This is how it's being done at my store now. And it makes me crazy. When we had the DBO model still firmly in place, it was so much cleaner. Now, we have some aspects of the DBO model still being used because it works well to have the same TMs always pushing truck in certain areas, but whoever does PC in my area does an awful job of it. I've decided to stop speaking up about it because nothing changes. I've also decided to stop fixing their mistakes because I just don't have the time. Still having to talk to myself A LOT about it because it's so irritating. :-\
I've really been struggling to figure out how to do this right and haven't fallen on a great answer.
Here is how I generally prioritize things:
1) Regular Price Label Batches: Too easy. Print them on sticky paper. Make sure every task is activated, put the labels in the right place. Monday, Wednesday, Thursday, Friday.
2) Clearance Label Batches: Also too easy. Labels for located merchandise. Scan and activate, put them up. Should be up by EOD Tuesday.
3) First Markdowns. Most of the 1st MDs not included in (2) are going to be for Style, with a handful being for NOP merch your store received, but that was never on POG, or never set. Get your 1st MDs done right as quickly as possible. If you don't find these, they'll get activated without getting ticketed, and you probably won't sell very much, and these items won't get moved to your clearance blocks. Need to get these done ASAP!
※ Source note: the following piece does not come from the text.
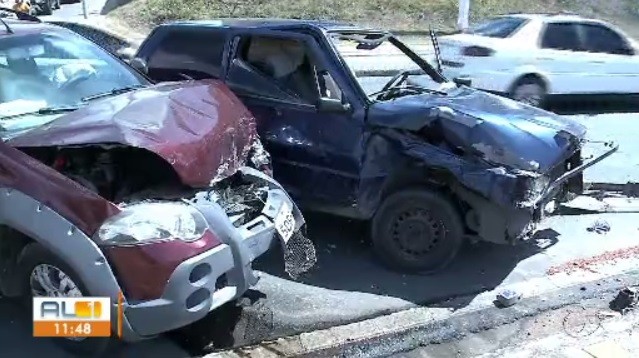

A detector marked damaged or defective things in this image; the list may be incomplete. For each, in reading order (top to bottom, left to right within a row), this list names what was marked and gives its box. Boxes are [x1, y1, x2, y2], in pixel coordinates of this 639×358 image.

4) Further Markdowns. In my view, the least important. Theoretically, they're already ticketed as clearance and hopefully moved to a clearance space. Activating them and keying some quantity does not affect their on-hands.
5) Finals and Salvage: Here we're in tricky territory. Can't finding them means the on-hand is unaffected until an AIC zeroes out the count, but if you scan them in Price Change after AIC has made a change, you're going to get negative on-hands. Ideally, you want as little salvage as possible, so you want to get those finals ticketed and sold. You can key them in without finding them, but again, you run the risk of on-hands going negative. Also, although it is somewhat obfuscated, there may be some financial impact if you say you CRC'd something that never made it to the CRC.
The ideal balance is to be complete every task and find enough actual inventory to ticket or salvage that your unit completion % stays reasonably high. But how much time and effort do you allocate to this and still get all your sets done on time or ahead of schedule? It's damn tricky! Especially since I am rarely allocated enough hours for pricing, only enough for set workload. This in spite of the fact that if you base Price Change Forecast on Target's very own labor standards, you would be getting anywhere from an additional 40-120 hours on top of set workload hours.